SKEDSOFT

Data Mining & Data Warehousing

Introduction: In the field of data mining, substantial research has been performed for data mining on various platforms, including transaction databases, relational databases, spatial databases, text databases, time-series databases, flat files, data warehouses, and so on.

On-line analytical mining (OLAM) (also called OLAP mining) integrates on-line analytical processing (OLAP) with data mining and mining knowledge in multidimensional databases. Among the many different paradigms and architectures of data mining systems, OLAM is particularly important for the following reasons:

High quality of data in data warehouses: Most data mining tools need to work on integrated, consistent, and cleaned data, which requires costly data cleaning, data integration and data transformation as preprocessing steps. A data warehouse constructed by such preprocessing serves as a valuable source of high quality data for OLAP as well as for data mining. Notice that data mining may also serve as a valuable tool for data cleaning and data integration as well.

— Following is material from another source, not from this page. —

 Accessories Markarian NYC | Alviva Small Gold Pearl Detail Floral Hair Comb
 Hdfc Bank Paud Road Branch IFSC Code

Available information processing infrastructure surrounding data warehouses: Comprehensive information processing and data analysis infrastructures have been or will be systematically constructed surrounding data warehouses, which include accessing, integration, consolidation, and transformation of multiple heterogeneous databases, ODBC/OLE DB connections, Web-accessing and service facilities, and reporting and OLAP analysis tools. It is prudent to make the best use of the available infrastructures rather than constructing everything from scratch.

OLAP-based exploratory data analysis: Effective data mining needs exploratory data analysis. A user will often want to traverse through a database, select portions of relevant data, and analyze them at different granularities, and present knowledge / results in different forms. On-line analytical mining provides facilities for data mining on different subsets of data and at different levels of abstraction, by drilling, pivoting, filtering, dicing, and slicing on a data cube and on some intermediate data mining results. This, together with data/knowledge visualization tools, will greatly enhance the power and flexibility of exploratory data mining.

On-line selection of data mining functions: Often a user may not know what kinds of knowledge she would like to mine. By integrating OLAP with multiple data mining functions, on-line analytical mining provides users with the flexibility to select desired data mining functions and swap data mining tasks dynamically.

Architecture for On-Line Analytical Mining: An OLAM server performs analytical mining in data cubes in a similar manner as an OLAP server performs on-line analytical processing. An integrated OLAM and OLAP architecture is shown in Figure 3.18, where the OLAM and OLAP servers both accept user on-line queries (or commands) via a graphical user interface API and work with the data cube in the data analysis via a cube API. A metadata directory is used to guide the access of the data cube. The data cube can be constructed by accessing and/or integrating multiple databases via an MDDB API and/or by filtering a data warehouse via a database API that may support OLE DB or ODBC connections. Since an OLAM server may perform multiple data mining tasks, such as concept description, association, classification, prediction, clustering, time-series analysis, and so on, it usually consists of multiple integrated data mining modules and is more sophisticated than an OLAP server.

As we have seen, the introduction to data warehousing and OLAP technology presented in this chapter is essential to our study of data mining. This is because data warehousing provides users with large amounts of clean, organized, and summarized data, which greatly facilitates data mining. For example, rather than storing the details of each sales transaction, a data warehouse may store a summary of the transactions per item type for each branch or, summarized to a higher level, for each country. The capability of OLAP to provide multiple and dynamic views of summarized data in a data warehouse sets a solid foundation for successful data mining.